The Communications Security Establishment said India is using technology to track and spy on activists and dissidents “living abroad”.

“As Canada and India potentially may have some tensions, it is possible that we may see India want to flex those cyber threat actions against Canadians,” Caroline Xavier, head of the agency, said on Wednesday.

Ms Xavier said New Delhi is stepping up cyberattacks against Canadian government networks.

Her agency has previously described India as an emerging cyber threat to the country.

The statement comes a day after deputy foreign minister David Morrison reiterated that the Indian home minister Amit Shah sanctioned a wave a violence targeting Sikh separatists across the North American country.

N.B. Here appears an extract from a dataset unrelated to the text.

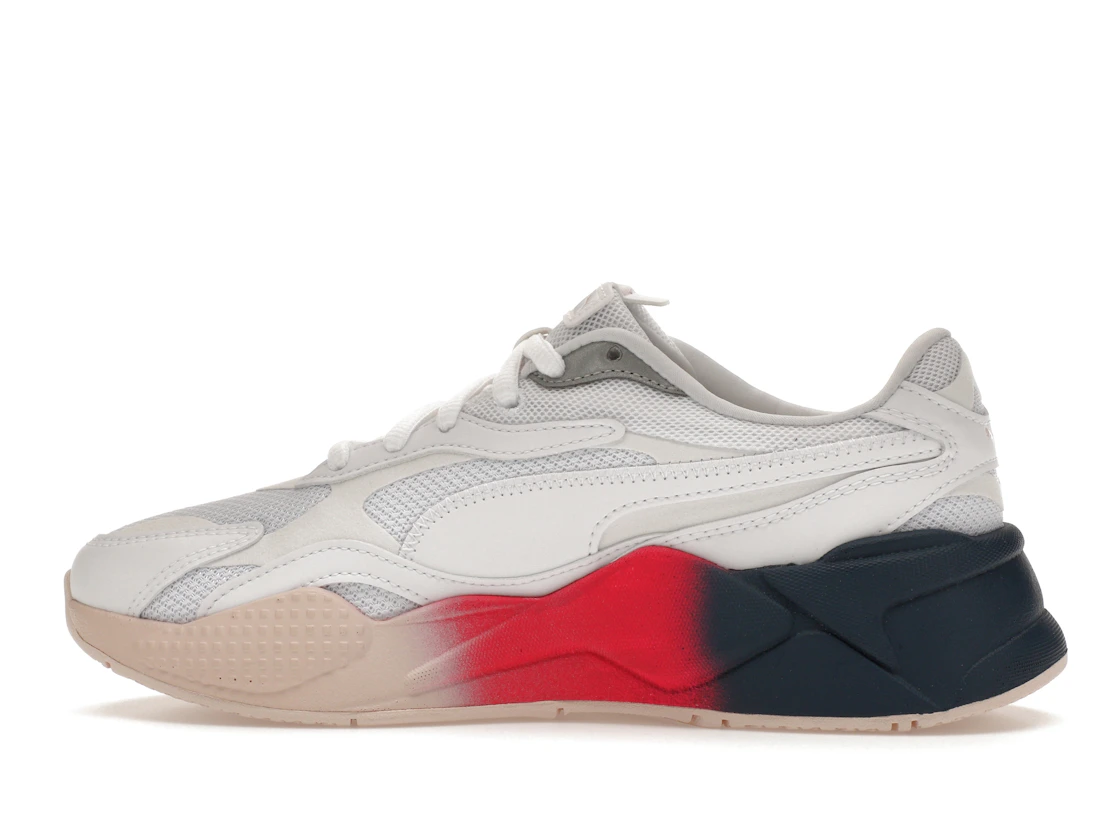 Puma RS-X White Rosewater Gradient (Women's)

Mr Shah, prime minister Narendra Modi’s chief lieutenant, was identified as the “senior official in India” who “authorised the intelligence-gathering missions and attacks on Sikh separatists” in Canada, The Washington Post reported earlier this month based on information supplied by a Canadian source.

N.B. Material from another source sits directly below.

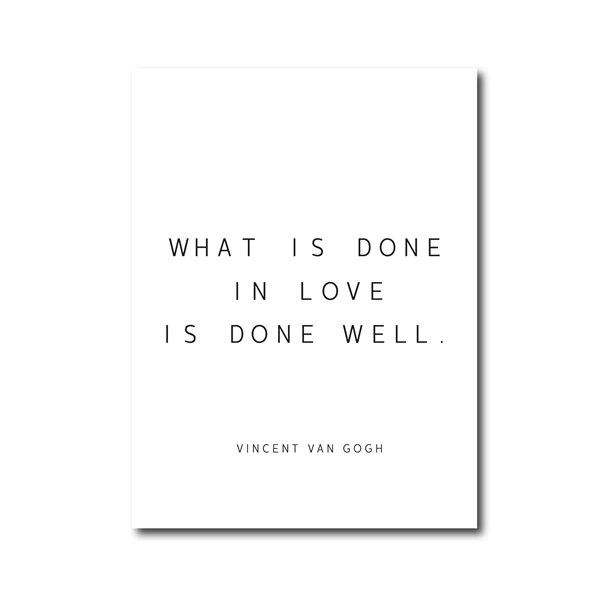 Vincent Van Gogh en Provence Exhibition Poster Wall Art Fine Art Canvas Prints Vintage Style Gallery Wall Pictures For Living Room Dining Room Nordic Home Decor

Mr Morrison confirmed on Tuesday that he is the source.

“The journalist called me and asked me if it was that person. I confirmed it was that person,” Mr Morrison told a parliamentary committee on Tuesday.

Relations between India and Canada have gone into a tailspin since Ottawa accused the Indian high commissioner and other top diplomats of being directly involved in the assassination of Hardeep Singh Nijjar.

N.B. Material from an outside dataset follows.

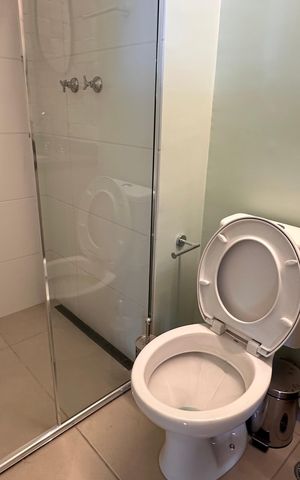 Apartamento para alugar com 61m², 2 quartos e 1 vaga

Nijjar, 45, a Sikh activist, was shot dead by masked gunmen in Surrey outside Vancouver in June 2023. He was a face of the Khalistan movement, which seeks to carve out an independent Sikh homeland in western India.

New Delhi had long accused Nijjar, a Canadian citizen born in India, of being involved in terrorism, an allegation he denied.

Canadian police have since charged four Indian nationals living in the North American country with Nijjar’s killing. They are all awaiting trial.

India has denied the Canadian allegations as “preposterous”. It reacted furiously when Ottawa first made the allegation last year by briefly suspending visas for Canadians.

Bilateral ties hit a nadir when Canada expelled six Indian diplomats earlier this month, accusing them of involvement in the killing. New Delhi, in a tit-for-tat move, expelled six Canadian diplomats.

This month, prime minister Justin Trudeau and the Royal Canadian Mounted Police went public with allegations that Indian diplomats were targeting Sikh separatists in the country by sharing information about them with New Delhi.

Top Indian officials, in turn, were giving the information to organised crime groups to extort, intimidate and even murder Canadian Sikh activists, they said.

India is the top source for temporary foreign workers and international students moving to Canada but a backlog of applications has built up since Mr Trudeau’s allegations last year.